### Work request:
When you return the data, keep every word exact and include none of the images.

### Supplied data:
• • • • • • •

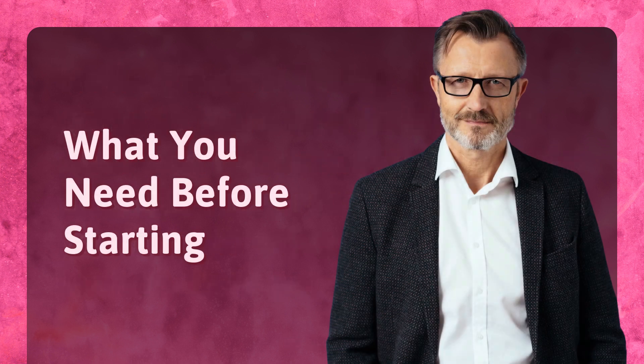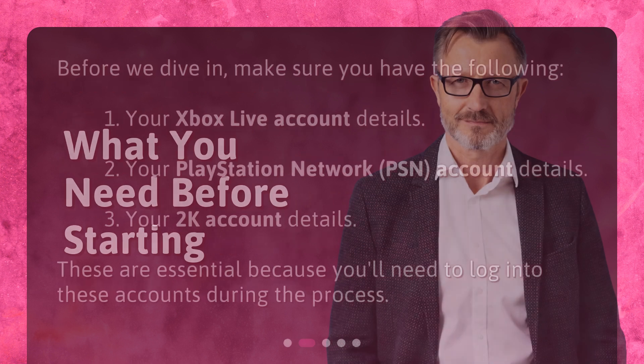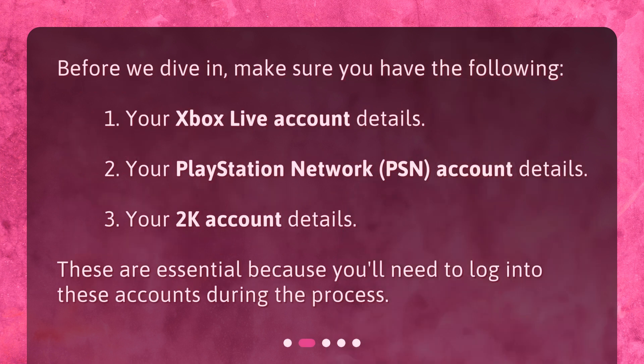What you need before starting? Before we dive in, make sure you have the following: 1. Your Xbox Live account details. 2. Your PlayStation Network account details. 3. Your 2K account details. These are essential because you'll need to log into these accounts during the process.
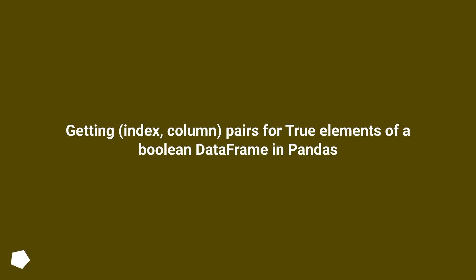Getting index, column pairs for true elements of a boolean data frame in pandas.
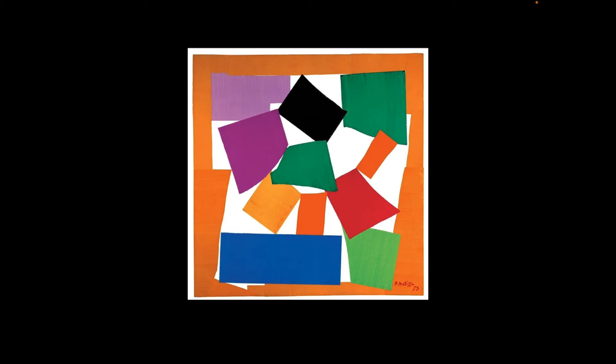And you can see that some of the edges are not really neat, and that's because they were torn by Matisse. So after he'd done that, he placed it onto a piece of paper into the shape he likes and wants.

• • • • • • •

### Task response:
What you need before starting? Before we dive in, make sure you have the following: 1. Your Xbox Live account details. 2. Your PlayStation Network account details. 3. Your 2K account details. These are essential because you'll need to log into these accounts during the process.
Getting index, column pairs for true elements of a boolean data frame in pandas.
And you can see that some of the edges are not really neat, and that's because they were torn by Matisse. So after he'd done that, he placed it onto a piece of paper into the shape he likes and wants.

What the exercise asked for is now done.